The American Civil War was long in coming. As early as the founding of the country, pro-slavery and anti-slavery forces struggled over slavery. At various times in the first half of the 18th century, the political conflict threatened to lead to secession, and of course secession and war finally did come following the election of Abraham Lincoln in November 1860.
The main questions at issue were whether or not slavery would be permitted in the U.S. territories and in the states to be created out of those territories. The Republican platform ratified at the 1860 convention in Chicago called for the complete prohibition of slavery in the territories. The Democratic Party was, however, divided. Under the banner of "popular sovereignty," the northern faction supported the right of territorial governments to prohibit slavery. The southern faction held that only state constitutions could establish such prohibitions. Unable to resolve their differences, the Democratic Party split and ran two candidates: Steven A. Douglas and John C. Breckinridge.
Lincoln's election is often thought of as being a result of the split in the Democratic Party. He certainly failed to receive a majority of the popular vote nation-wide and he received virtually no votes in the southern states.
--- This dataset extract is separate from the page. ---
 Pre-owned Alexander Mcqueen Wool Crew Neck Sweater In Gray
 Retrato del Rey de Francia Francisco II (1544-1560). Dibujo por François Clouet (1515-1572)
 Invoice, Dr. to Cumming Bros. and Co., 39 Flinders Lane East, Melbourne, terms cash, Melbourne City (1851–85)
His victories in the northern states, however, gave him the electoral votes necessary to win the election, but even if Democratic Party voters had not split their votes, Lincoln's majorities in the northern states would have put him in the White House. State by state popular vote totals demonstrate just how divided the country was on the issue of slavery, particularly the extension of slavery into the territories.
In the weeks following Lincoln's election, seven states seceded from the Union (South Carolina, Mississippi, Georgia, Alabama, Louisiana, Florida, and Texas). These states established the Confederate States of America. Its constitution guaranteed slavery in all its states and territories. The movement toward secession was unable to reach beyond the the deep south, though, until after the fall of Ft. Sumter on April 13 and Lincoln's subsequent call for 75,000 troops to defend the Union. The prospect that federal troops would be used to occupy and "reconstruct" the seceded states led to the secession of Virginia, North Carolina, Tennessee, and Arkansas. The Kentucky legislature declared Kentucky neutral in the conflict, while the federal occupation of Maryland and Missouri precluded secession in those states.
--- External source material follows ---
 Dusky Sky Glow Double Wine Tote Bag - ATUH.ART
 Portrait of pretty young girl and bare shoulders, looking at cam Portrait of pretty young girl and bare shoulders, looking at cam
William Cooper's We Have the War Upon Us provides a close account of events between the election of Lincoln and the fall of Ft. Sumter. He especially examines the negotiations between Republicans and conditional unionists who sought to avoid the secession of the upper southern and border states. His treatment is careful and generally even-handed, relying on both primary and secondary sources. The actions (and non-actions) of William Seward and Abraham Lincoln play a central role in Cooper's account -- Seward working hard to accommodate the interests of the conditional unionists and Lincoln remaining largely silent on what his approach to the crisis would be upon his inauguration. The out-going president James Buchanan also played an important role in the unfolding events. Buchanan's view was that while states did not have the legal authority to leave the Union, the federal government did not have the authority to defend its sovereignty over the seceded states. One might argue that his inactivity to address secession forcefully at an early stage left the new Republican administration with a irremediable problem.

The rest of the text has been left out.